I believe that the program automatically assumes that most Rochester students do not read the news and are not aware of current events. That is not true at all because I know plenty of people who read the news. However, they read the news in the same fashion that is causing newspaper readership to plummet across the nation – online.
For example, my homepage has links to the most popular news items on Yahoo!, as well as links to the Chicago Sun-Times (so I know what is happening back home) and the New York Times, all of which I glance at several times a day (although I usually save the New York Times for Sundays or when I have time to spare because of the sheer volume of articles they have available). I am able to catch up on the world around me without having to go out and find a newspaper.

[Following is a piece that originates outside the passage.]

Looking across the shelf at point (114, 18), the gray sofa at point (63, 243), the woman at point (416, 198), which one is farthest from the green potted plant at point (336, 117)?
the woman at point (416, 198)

And it doesn’t stop there. I have seen students on this campus read the New York Times, the Washington Post, the Democrat and Chronicle and various other regional newspapers – just not in the traditional paper form. The BBC Web site is one of the first places people think of when it comes to reliable international news. And, if you are an international student, you most likely already read foreign news sources from your home country online. I won’t even get into the multitude of blogs out there to read.
And let’s not forget about television. Students have access to the BBC, two CNN stations, FOX News, MSNBC, CNBC, several C-SPANs as well as regular network news. Rochester even has its own 24-hour news station. Most stations and channels even have their own Web sites so people can stay informed online. And although it isn’t exactly the point of the two shows, plenty of people really do get their news from The Daily Show with Jon Stewart and The Colbert Report.
In the first couple of weeks of the program, students have been reading the provided newspapers, which is good. However, in order to truly be able to digest a newspaper, you have to be able to sit down and read it. How many undergrads have the time during the day to sit down and actually read a newspaper?
Undergraduates don’t even have enough time during the day to do the reading for their own classes! Therefore, most students who take these papers (with the exception of those who will read them during lunch or something), will carry them around all day and wait to read them when they get back to their dorms. By that time, the news won’t exactly be current, so what will these students do to check up on any events they may be interested in? Go online!
In the long run, after the novelty of the newspapers being on campus wears off, will the Collegiate Readership Program actually change how informed and connected Rochester students are to the world around them? Most likely not, because it’s going to take a lot more than a few newspapers placed around campus to make the uninterested interested. In two weeks, the papers have gone from hard to get to there being copies to spare.
If people were truly interested in reading actual newspapers, then they would read the copies of the Democrat and Chronicle and the Washington Post already supplied by Student Activities in Wilson Commons. I have seen more faculty and staff with newspapers than students, so who is truly benefiting from this program?
What is going to happen to all of these extra newspapers if the program is continued – excess garbage will accumulate around places like the Pit, creating more work for employees who have to keep these places clean. Then there is a question of if these papers are really going to be recycled or if are we creating more waste. This may be off topic, but the possible mark this may leave on the Earth is something that should be considered.
Like I said in the beginning of this article, I really do approve of and praise the Students’ Association and the Rochester Center for Community Leadership for trying to get more students aware of current events. But maybe, just maybe, the majority of students are more aware than stereotypes make us seem.